The night could be long and savage. The diversion could be watching the score from the match of Jamaica versus Antigua and Barbuda, and while U.S. soccer might remain something of a minnow worldwide -- really more of a guppy -- it has qualified for the last six World Cups, and it likes to think it has progressed beyond evenings spent eyeballing the match between Jamaica and Antigua and Barbuda.

At best, maybe these two hours of suffering would build some more national soccer character. Maybe they would provide another memorable chapter, some saving finish, some sort of minimal version of Landon Donovan's searing save of a big blush against Algeria in the 2010 World Cup. Maybe the hours would further unite American fans with what the world endures in so many "football" places on so many "football" occasions while nobody in the United States much notices. Probably the U.S. could forge a 1-1 draw and move on to the six-team "hexagonal," the final round of qualifying, but when? How?

What a worst-case start. What a mass blunder, the long ball through to a free-roaming Carlos Ruiz, the American defense needing cots to just go ahead and sleep instead of doing it standing up, Ruiz plucking a goal past a hopeless and flailing Tim Howard.

Thoughts raged.

What a …

Wait.

So here's how many minutes the devoted spent with the daunting uphill view, with the thought of hoping Antigua and Barbuda could do something at Jamaica just to be sure of passage to the final qualifying round of 2013: five. Five little minutes. Five minutes, and then exhilaration broke out. An attacking prowess that would have savaged this whole semifinal round all along broke out. A team you could like all the way into 2013 showed up, just like that.

At 1-1 on 10 minutes, the United States seemed solid.

At 2-1 on 18 minutes, the United States seemed surefooted.

And at 3-1 on 36 minutes, the Guatemalan defense seemed shredded.

Just like that, Michael Bradley got masterful from midfield, Clint Dempsey got presented with gimme bits of finishing (which he then finished, of course), Eddie Johnson got a long ball to make a cross that sang as it skittered, and that second goal from Steve Cherundolo to Johnson to Dempsey featured such style that some dared to note it looked a little bit like Spain itself. That's OK. Fans reserve the right to get carried away. The whole clunkiness had turned melodic, and the overriding mood rang on Dempsey's face. One moment you could start wondering at 0-1, and the next you could start seeing Graham Zusi's corner and Dempsey's header to Carlos Bocanegra's flick for 1-1. Not much suffering there.

Through a well-crafted second half in which the U.S. attacked still, the only interest in Jamaica versus Antigua and Barbuda was trivial: Could Antigua and Barbuda provide enough resistance to prevent Jamaica from snaring from Guatemala the second spot in the hexagonal? It could not, and Guatemala's exclusion from its first-ever World Cup went cemented, and it would not join the throngs in the world's most fascinating country (that being Brazil).

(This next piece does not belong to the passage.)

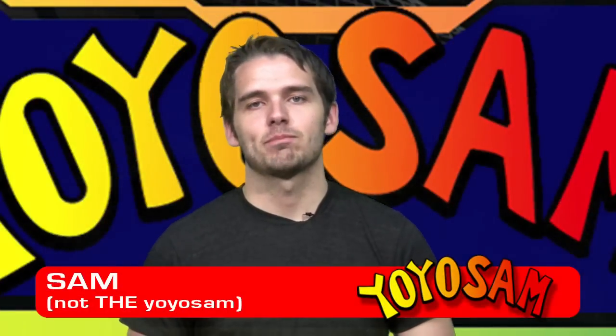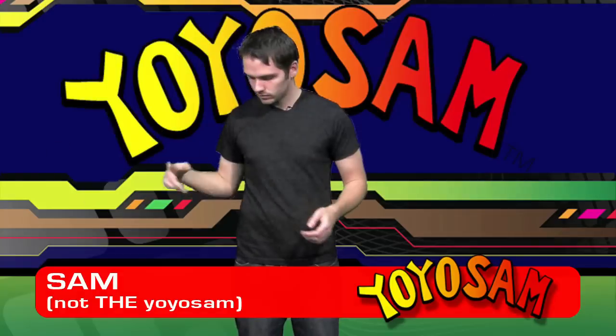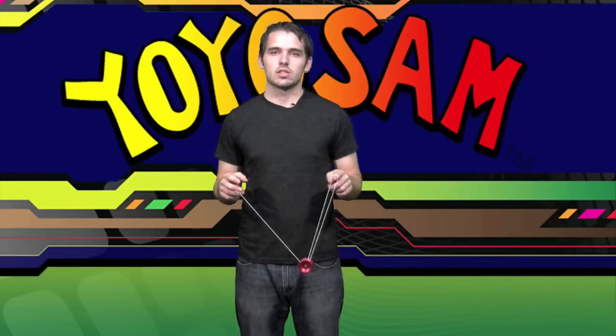Hi, I'm Sam from Yo-Yo Sam. Today I'm going to teach you a trick called suicide. This is what it looks like. That was called a suicide.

It became possible to feel sorry for Guatemalan players as they grappled with this thought. To begin the night, they shared a three-point lead in the table and held a 1-0 lead in the closing match. To end the night, they had dipped to third and out.

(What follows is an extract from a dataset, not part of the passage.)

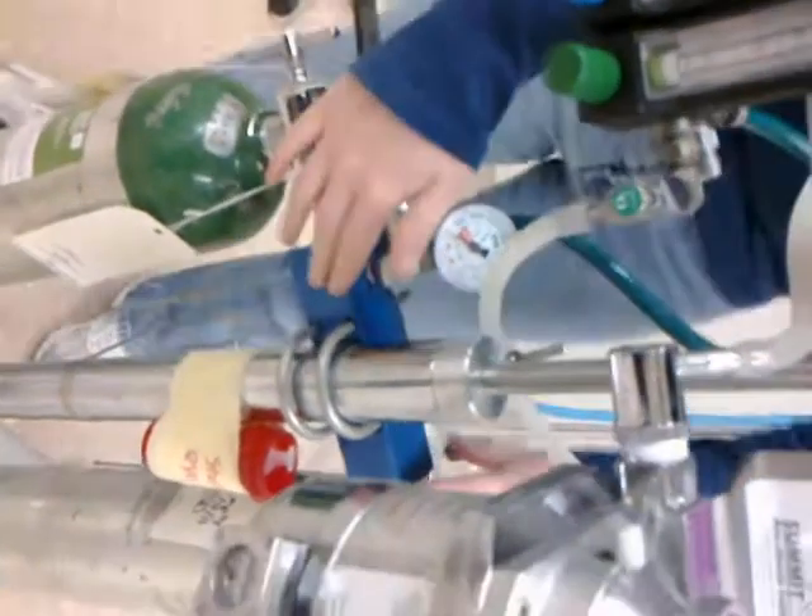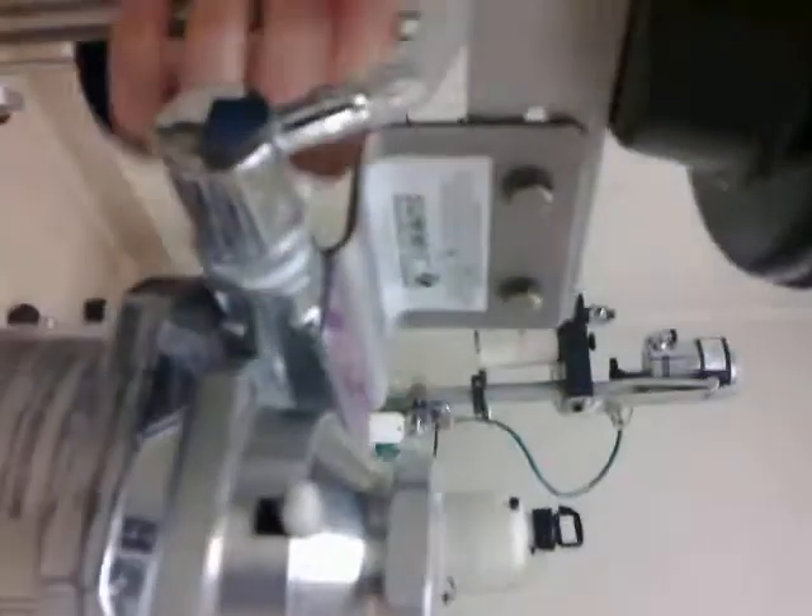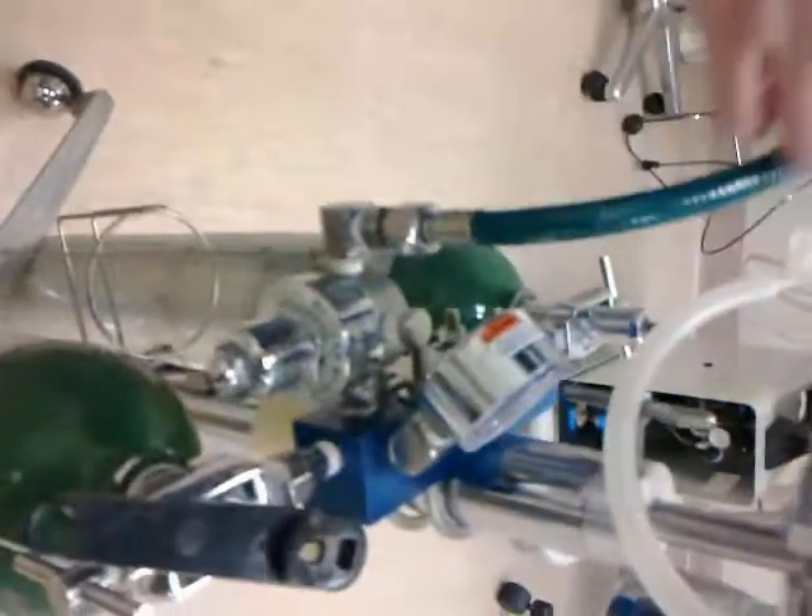We follow the gas line up, and it goes up into here, all the way through the tube here into the flow meter in the front.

Their hosts had waited to the last match, unlike Mexico. Along the way they had the snags of a 1-1 draw in Guatemala, a 2-1 loss in Jamaica that made people start to worry, and a preposterous 2-1 win last Friday at Antigua and Barbuda that really did test the last nerves of the concerned, as it did not see a winner until the 90th minute.

Then four nights after that they had Ruiz finishing, the chance of some real horror.

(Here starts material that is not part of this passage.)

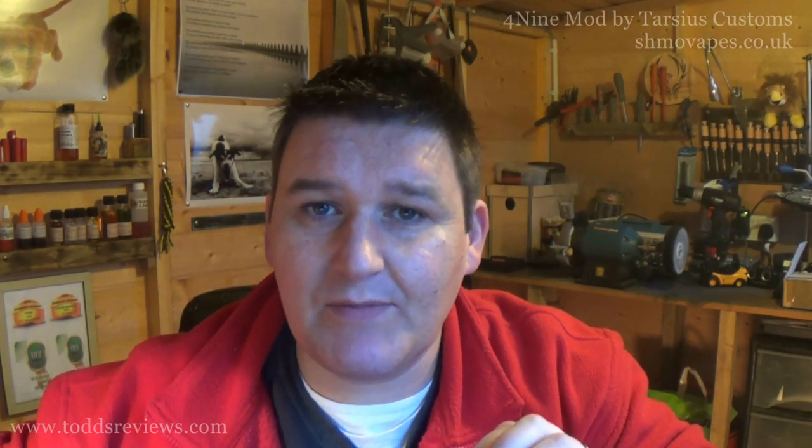Hi guys, Todd here. Today I'm going to be looking at a TOTY wee mod. You should know what TOTY means now — small.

Now, in an appealing whoosh, they head for next year, from the fun stuff to the really fun stuff: Mexico, Honduras, Panama, Costa Rica and Jamaica, 10 matches between Feb. 6 and Oct. 15. They might go into this with some injuries healed, but they definitely go into this after treating their followers to a blip of angst that dragged on … for five minutes.

It could have been something memorable to suffer. But then, in general, people would rather not.